**WHAT THE EXERCISE ASKS**
Repeat every entry exactly. Do not include the pictures.

**Captioned web image data**
»»

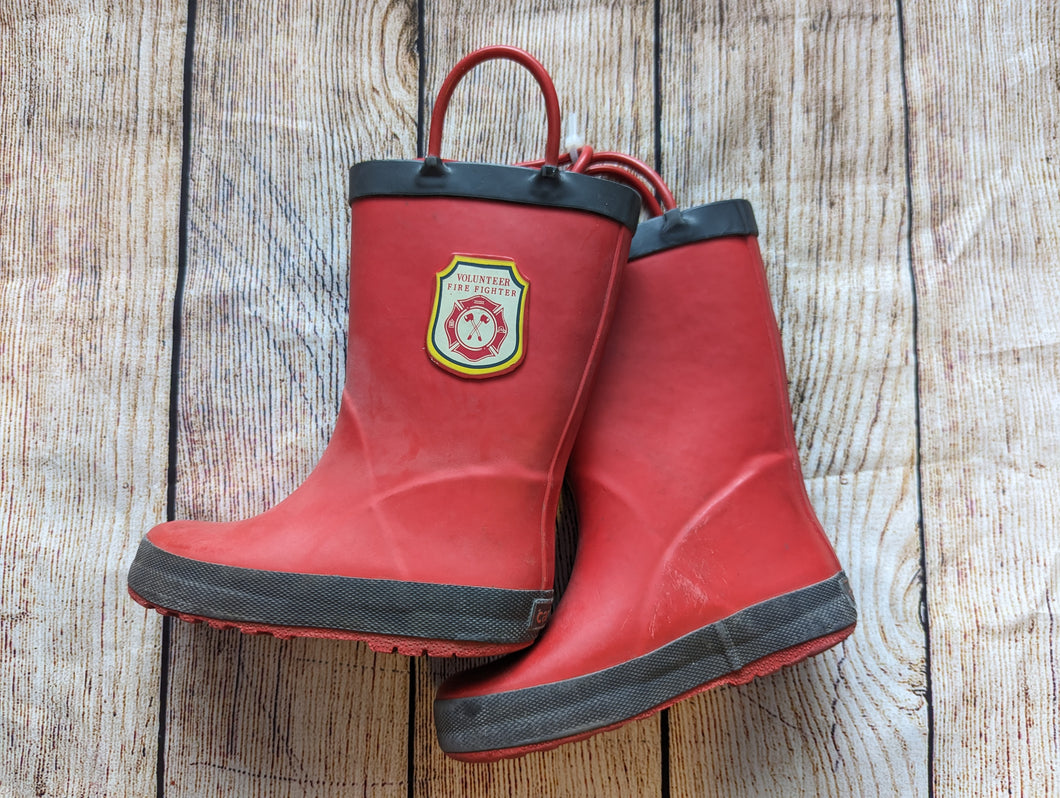 Carters 8 Rubber Boots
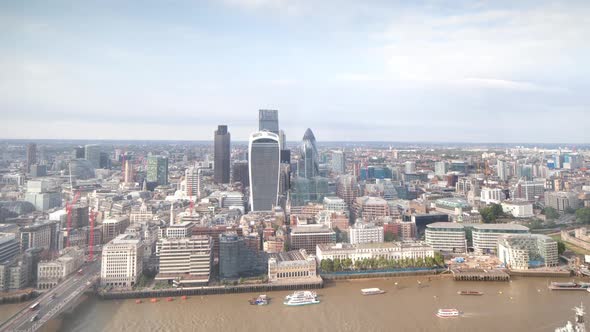 timelapse london city skyline skyscrapers architecture england urban alt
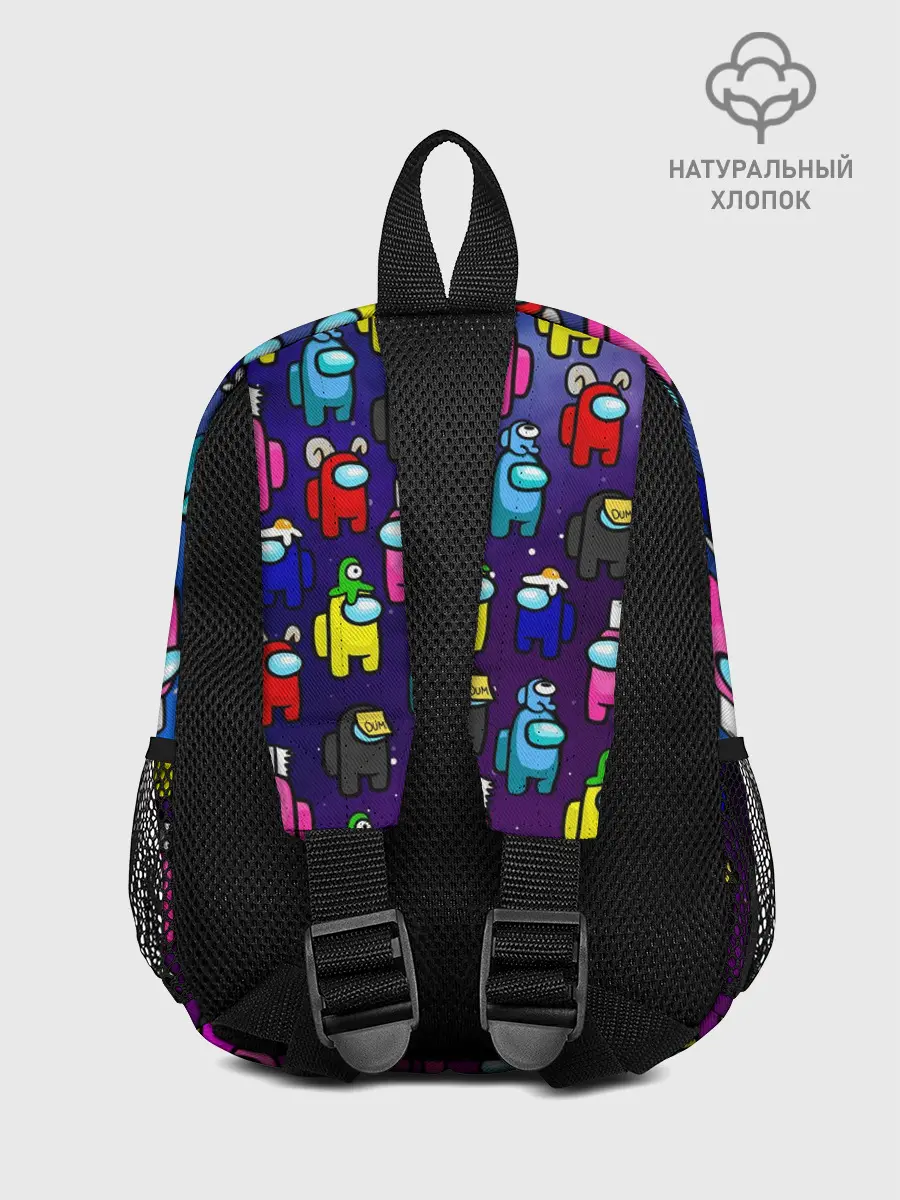 Рюкзак детский / AMONG US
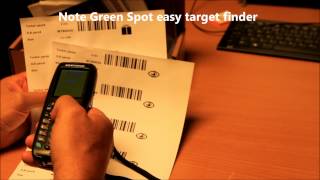 DATALOGIC MEMOR  BARCODE SCANNER READING PROJECTS  KTEC GROUP UK [upl. by Church]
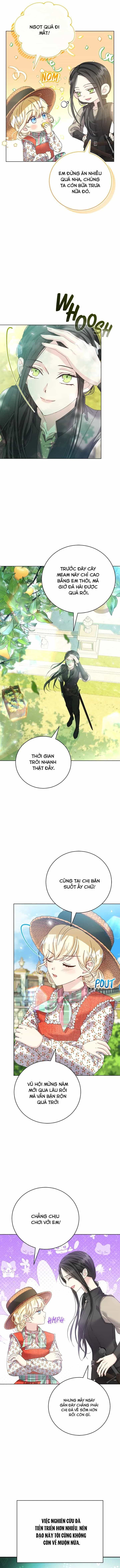 Nắm Giữ Trái Tim Của Bạo Chúa - Chương 27 - ảnh 9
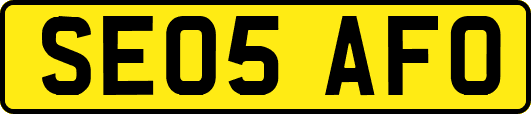SE05AFO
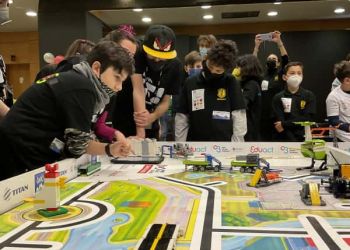 Προκρίσεις στον Ελληνικό Τελικό First® Lego® League του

««

**EXERCISE SOLUTION**
 Carters 8 Rubber Boots
 timelapse london city skyline skyscrapers architecture england urban alt
 Рюкзак детский / AMONG US
 DATALOGIC MEMOR  BARCODE SCANNER READING PROJECTS  KTEC GROUP UK [upl. by Church]
 Nắm Giữ Trái Tim Của Bạo Chúa - Chương 27 - ảnh 9
SE05AFO
 Προκρίσεις στον Ελληνικό Τελικό First® Lego® League του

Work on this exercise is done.